◆ Problem details ◆
Write out the listing below exactly, and omit any images you find in it.

◆ Provided records ◆
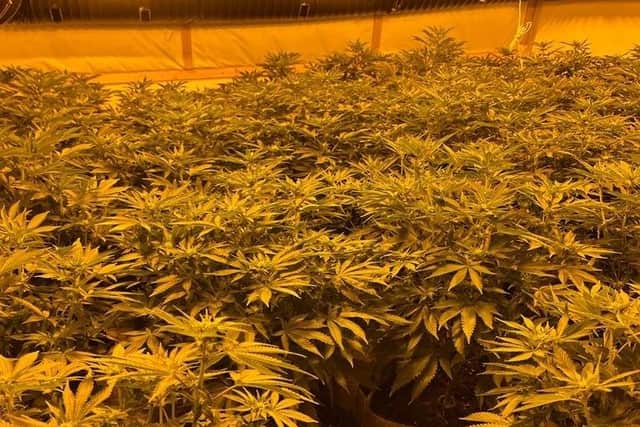 Officers found 200 plants at the property in Warwick. Photos supplied by Warwickshire Police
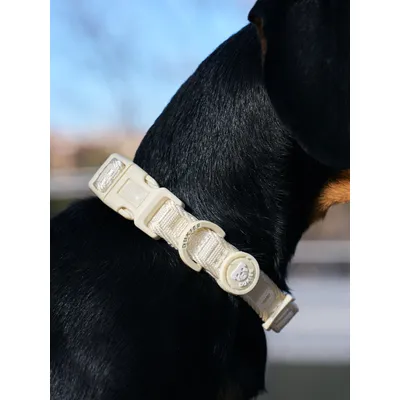 Dukier Collier Beige (Essentials) pour chien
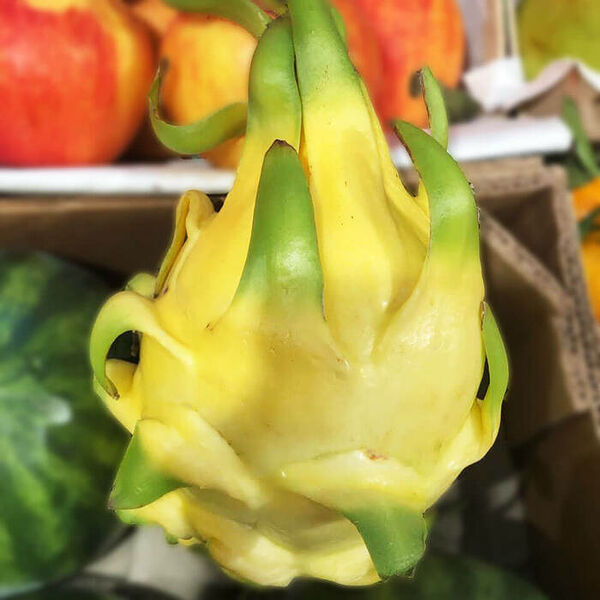 Питахая желтая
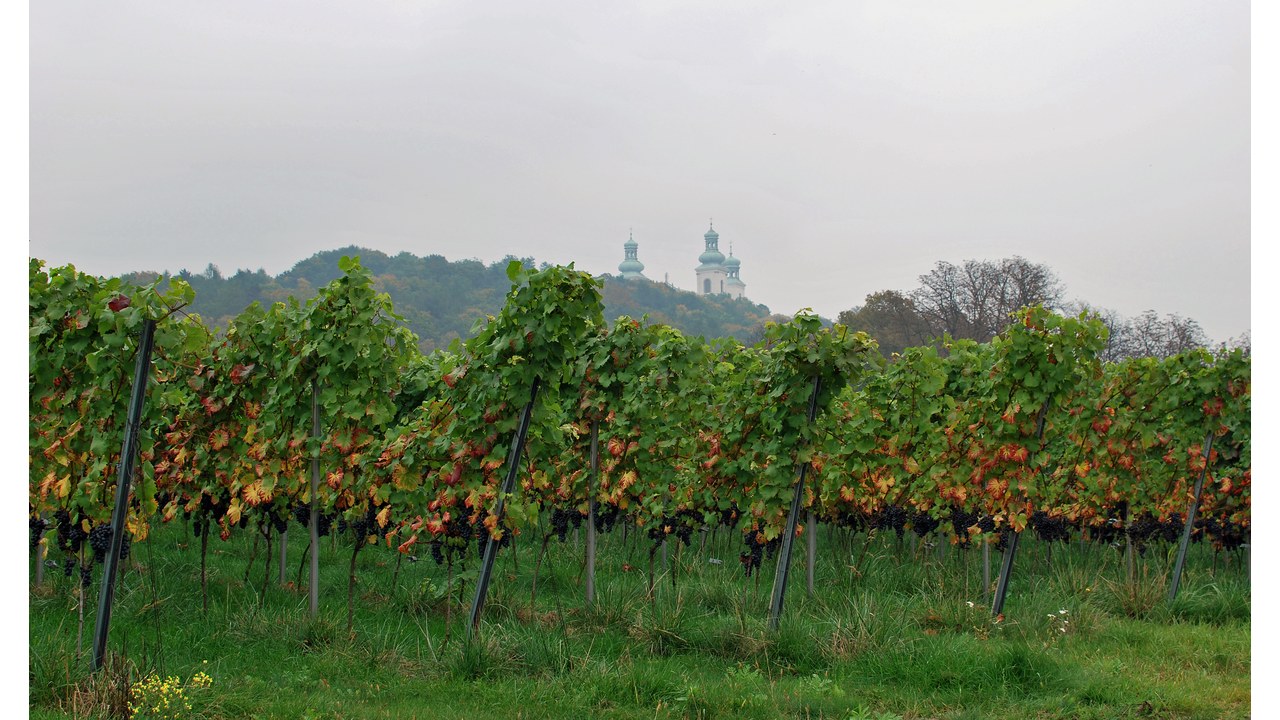 Rzędy winorośli na krakowskich Bielanach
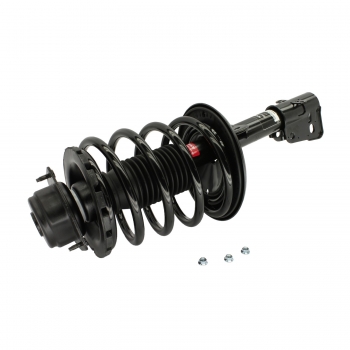 Suspension Strut and Coil Spring Assembly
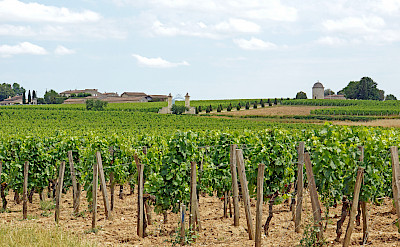 Vineyards abound: Saint-Émilion, Bordeaux Wine Tour in southwestern France. Flickr:Dennis Jarvis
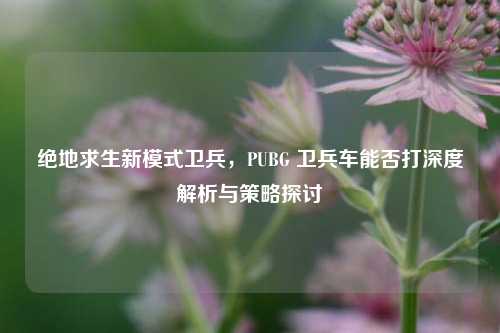 绝地求生新模式卫兵,PUBG 卫兵车能否打深度解析与策略探讨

◆ Answer for the task ◆
 Officers found 200 plants at the property in Warwick. Photos supplied by Warwickshire Police
 Dukier Collier Beige (Essentials) pour chien
 Питахая желтая
 Rzędy winorośli na krakowskich Bielanach
 Suspension Strut and Coil Spring Assembly
 Vineyards abound: Saint-Émilion, Bordeaux Wine Tour in southwestern France. Flickr:Dennis Jarvis
 绝地求生新模式卫兵,PUBG 卫兵车能否打深度解析与策略探讨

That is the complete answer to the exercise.